Accordingly, you should bear the following in mind when you receive a subpoena:
- Do not ignore the subpoena. For many subpoenas, if you do not make objections within 7 to 14 days of receipt of the subpoena, you forever waive the right to object to all or any portion of the subpoena. Therefore, when you receive a subpoena, consult your general counsel or outside attorney right away.
- Your response to the subpoena should both preserve your rights and also comply with court rules. An incorrect response or a failure to respond to a subpoena can have serious consequences, such as fines for contempt or the waiver of your rights.
- Except for your attorney, do not speak with anyone outside the company about the subpoena or the underlying lawsuit or investigation and only speak to those within your company who have a need to know about the subpoena, lawsuit, or investigation.
- Whether or not you ultimately provide the information to the party issuing the subpoena, you have an obligation to preserve documents and information that the subpoena calls for. Do not destroy or throw away any documents, and contact your IT department to turn off auto-delete protocols on the relevant persons’ email. Failure to do so can result in court sanctions.
- Some purported subpoenas are not valid. For example, if a subpoena violates a case management order or a local rule, or the subpoena issued from another state, the subpoena may be invalid and you may not need to respond at all. But you often cannot tell that simply from the face of the subpoena. Your general counsel or outside attorney can help you determine the validity of the subpoena.
- If a subpoena calls for disclosure of confidential, proprietary, or sensitive information, such as trade secrets or business strategy, your attorney may object on this basis and require that your confidential information be protected.
- Some subpoenas may call for confidential information of a customer or a vendor that you are obligated to protect under your contract with the customer or vendor. If a subpoena does so, you must review and comply with the confidentiality provisions in the applicable contracts. Some contracts require you to notify the customer in a timely manner to allow the customer to seek protection from the subpoena. Your general counsel or outside attorney can help ensure you are complying with these contractual obligations.
- Some subpoenas are quite broad and may seem to call for hundreds or even thousands of documents. You may not have to provide all of the documents requested, and you may not have to testify. Your general counsel or outside attorney can help you understand your obligations and narrow the scope of the subpoena through negotiations with the attorney who issued the subpoena while still complying with court rules.
- The subpoena may be a signal that the subpoenaed company, or one of its officers or employees, might become joined as a party to the lawsuit or is the target of a governmental investigation. Your general counsel or outside attorney can help research the nature of the claims of the underlying lawsuit, which may impact the objections that you should assert in response to the subpoena.

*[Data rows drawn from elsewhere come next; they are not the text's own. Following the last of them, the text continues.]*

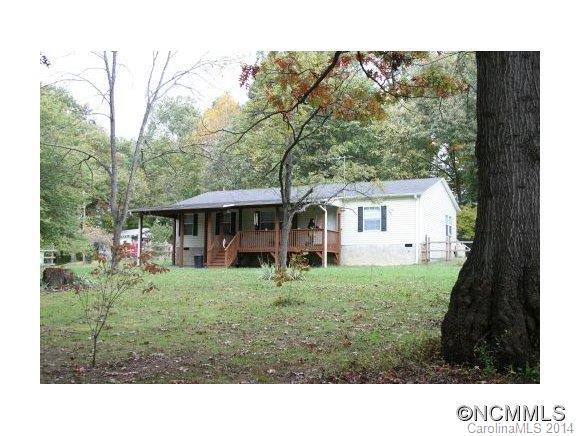 50 Nightcastle Lane, Hendersonville, NC 28792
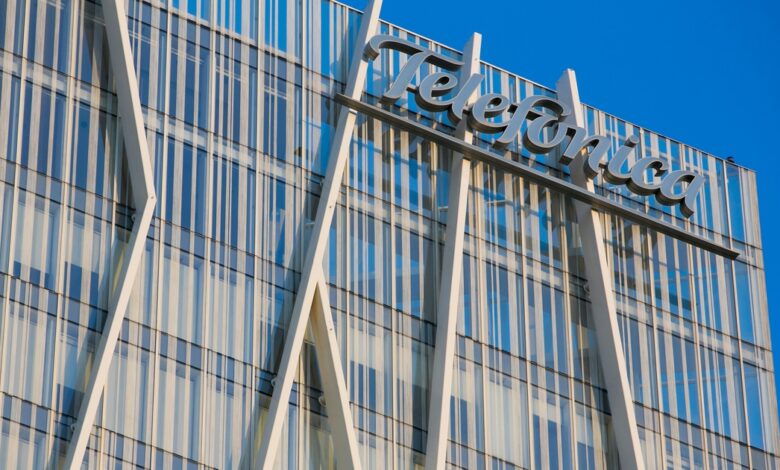 Telefónica continues fintech foray with Wenalyze Telefónica continues fintech foray with Wenalyze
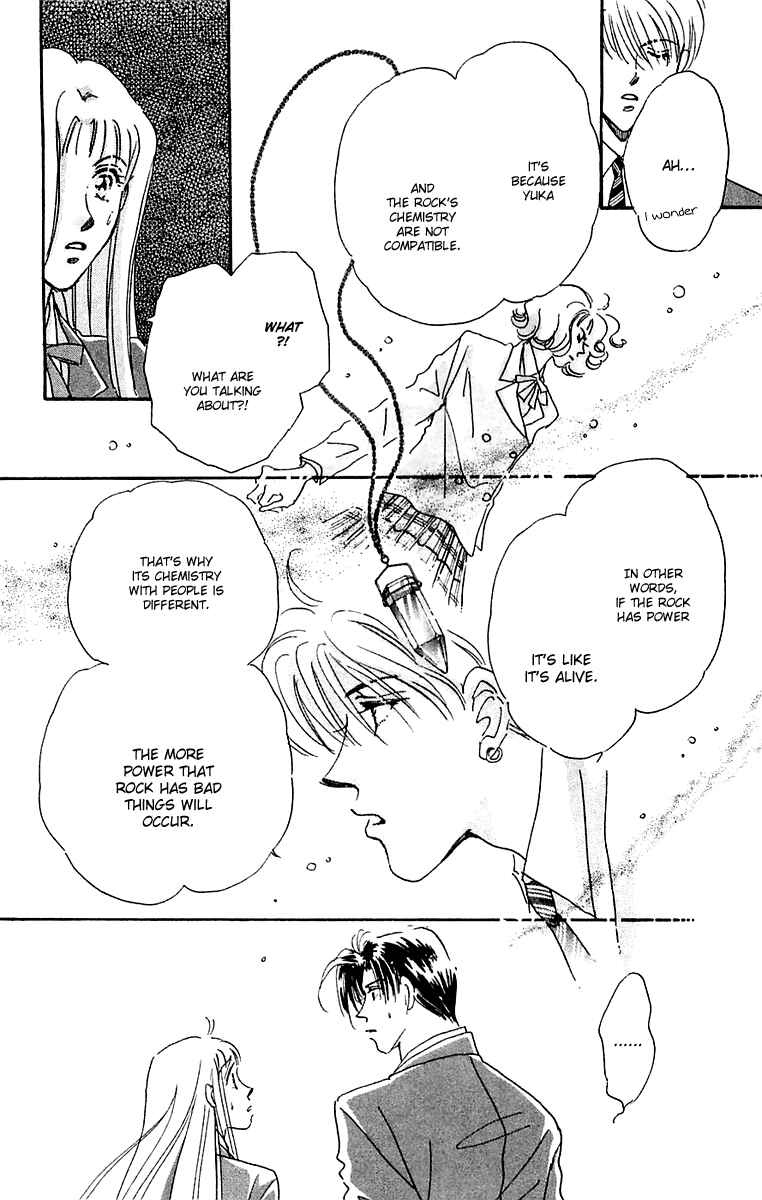 Page 30 Chapter 13 Hyper Baby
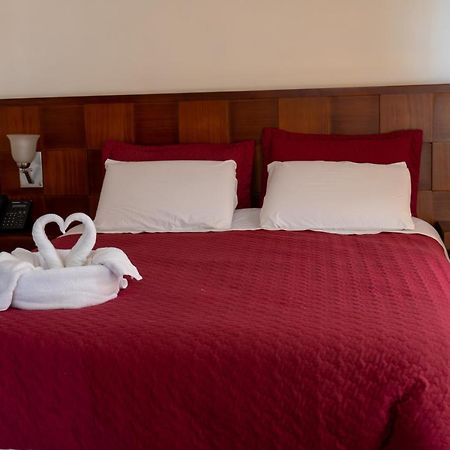 Chaupimundo Lodge Quito Kültér fotó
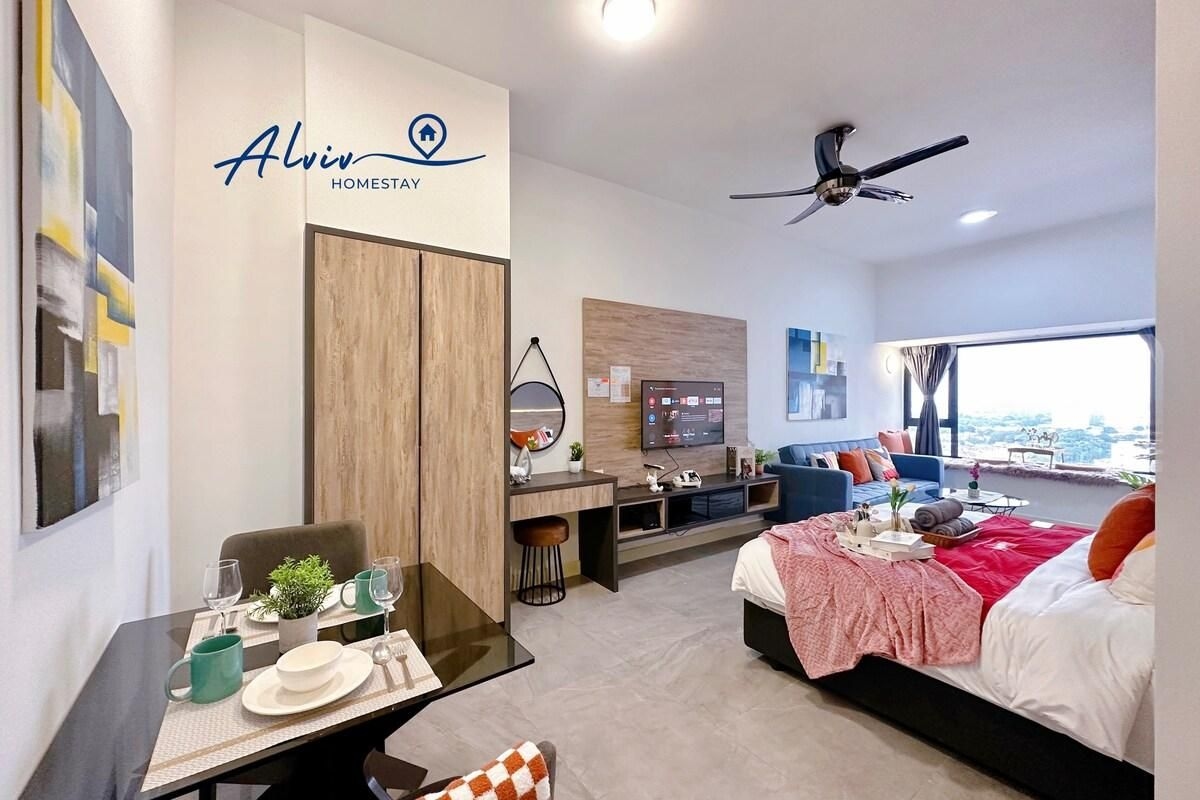 Imperio Residence by MP3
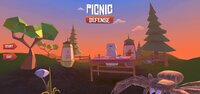 Picnic Defense (emgiel) screenshot, image №3136164 - RAWG
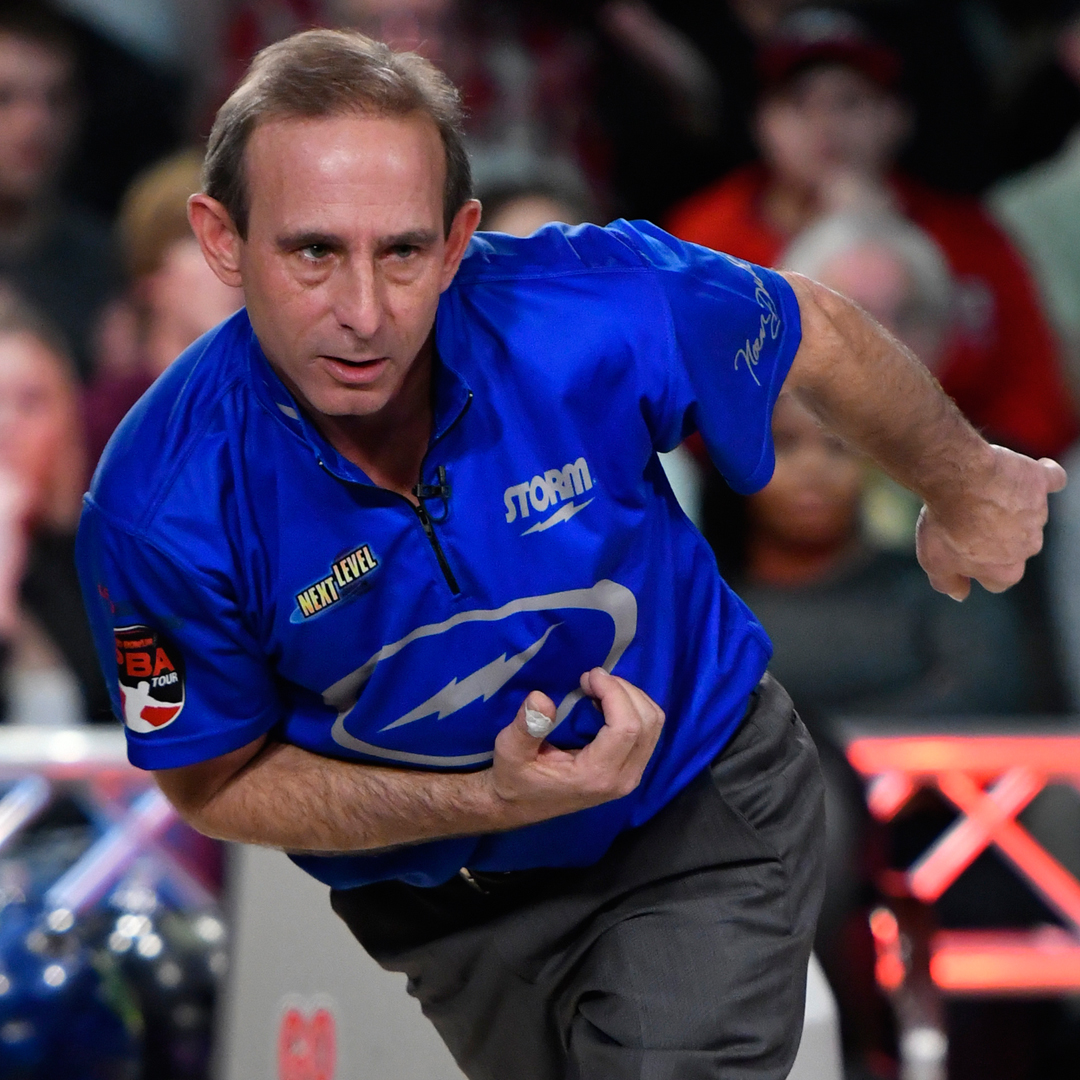 Norm Duke
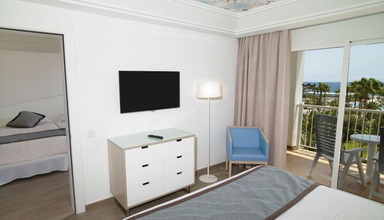 Riu Gran Canaria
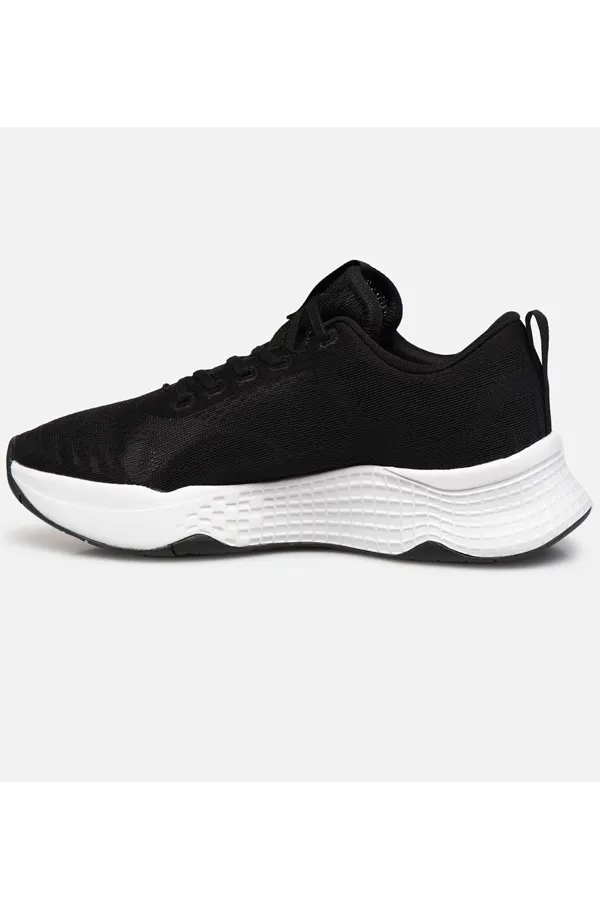 Lacoste Women Court-Drive Sneaker Black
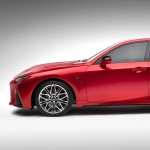 Lexus IS 500 wallpapers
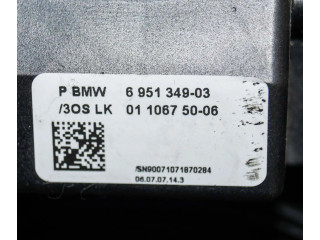 Подрулевой переключатель    BMW 5 E60 E61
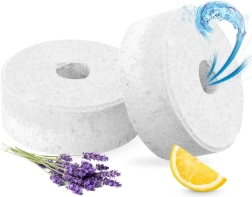 Asendustabletid õhukuivatile lavendli ja sidruni lõhnaga 2×450 g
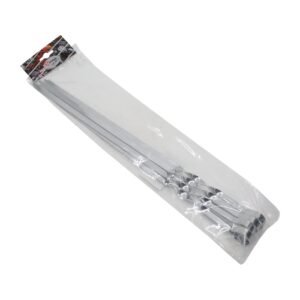 Somagic-Stainless-Steel-Arabic-Skewers-Silver-4-1 Somagic Stainless Steel Arabic Skewers Silver 4 – Wholesale & Export UAE
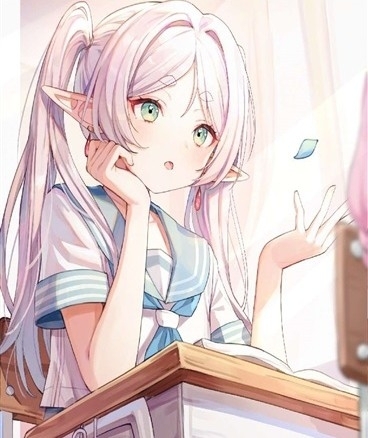 养成失败，被魔女徒儿变成娇妻了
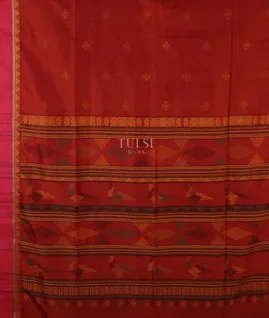 maroon-silk-cotton-saree-t682762-t682762-d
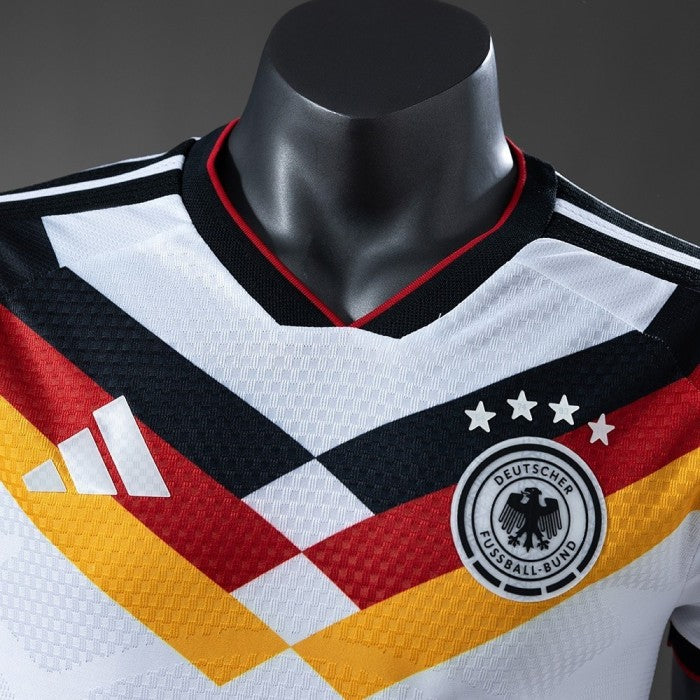 Germany 2026 World Cup Away — Player Version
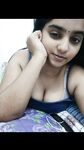 Busty Tamil girlfriend naked hairy pussy shown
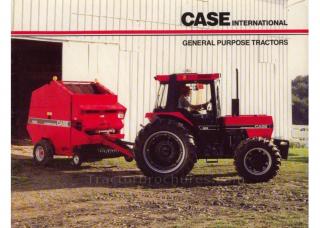 Case IH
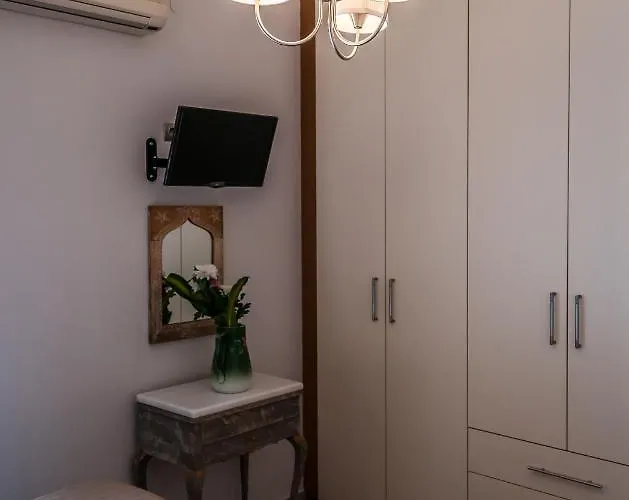 Artemis By Akroploro Appartement Pollonia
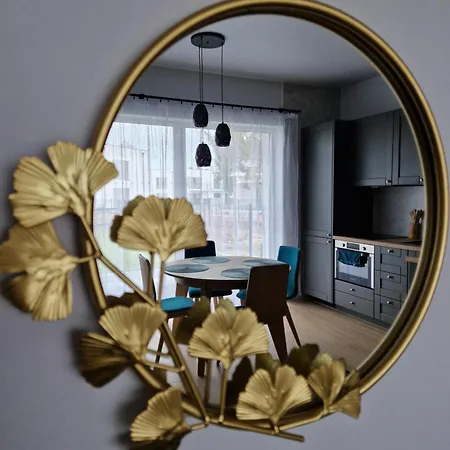 Z Sauna I Ogrodem Apartment Ustka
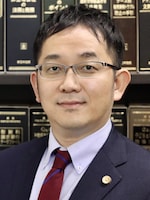 權野 裕介弁護士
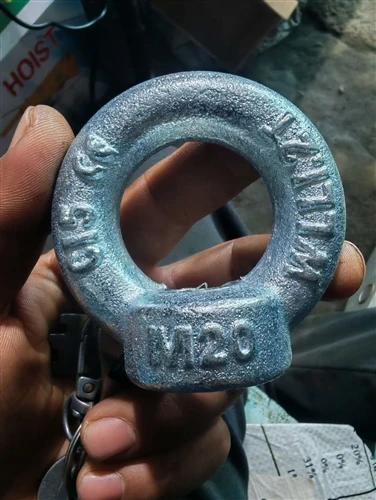 Ár gCos san Áise Láir a Neartú: Molann Mórdhíoltóir Fastener Úisbéicis Cáilío...
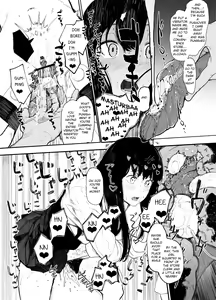 Page 15 of Boku no Kanojo to Sex Shite Kudasai 2 | Please Have Sex with My Girlfriend 2 - preview thumbnail
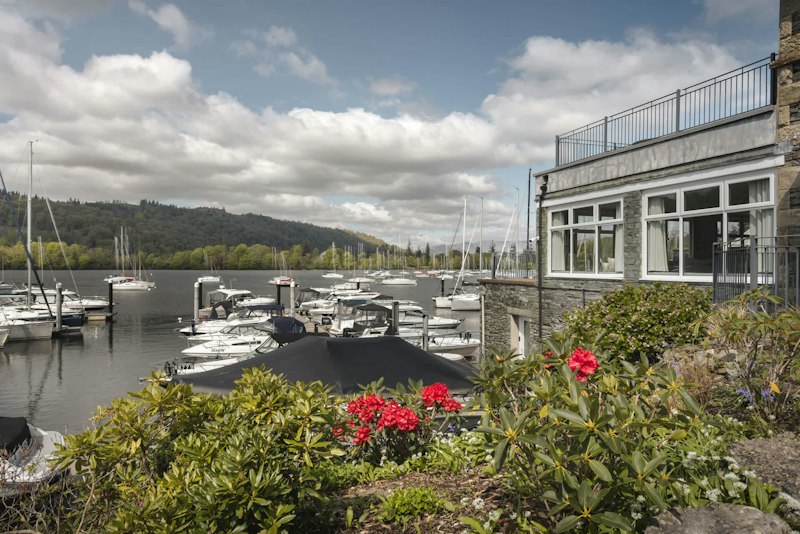 Sails on Windermere additional image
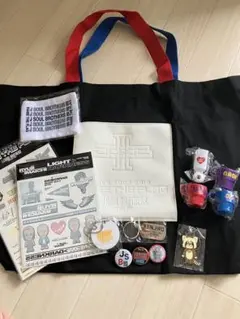 2025年最新】j soul brothers トートの人気アイテム - メルカリ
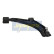 Brazo de control, suspensión BS-104R Japanparts, Miniatura 3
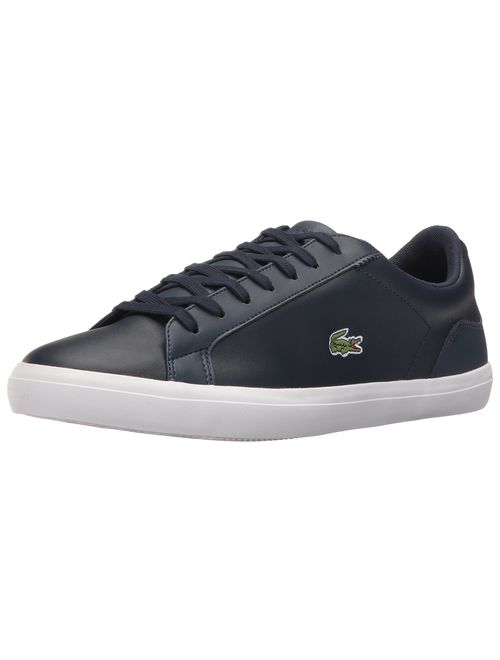 Lacoste Men's Lerond Bl 1 Fashion Sneaker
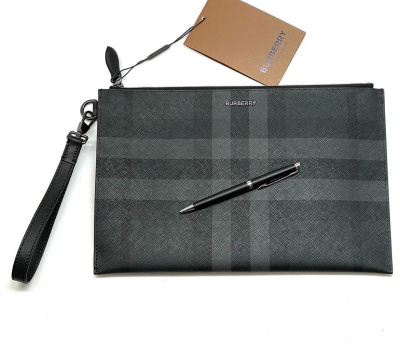 МУЖСКАЯ ПАПКА BURBERRY 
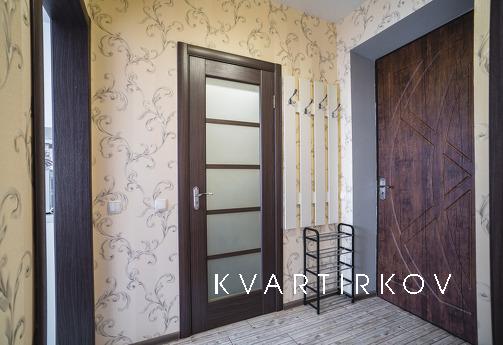 Центр міста і спокійний простір на невис, Днепр (Днепропетровск) - квартира посуточно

- Do not communicate with the attorney or governmental agency that issued or sent the subpoena without first consulting with your attorney. The party issuing the subpoena may give you self-serving information or something you say or write could be used against you or your company later. Your attorney should speak with both the attorney who issued the subpoena and the attorney for the opposing party in any lawsuit to obtain a better understanding of the parties’ claims, why the subpoena was issued, and your role, which may impact the objections that you should assert in response to the subpoena.
- Never attend a deposition or a trial without an attorney. Your attorney will help you prepare for the deposition or trial and will preserve and protect your rights.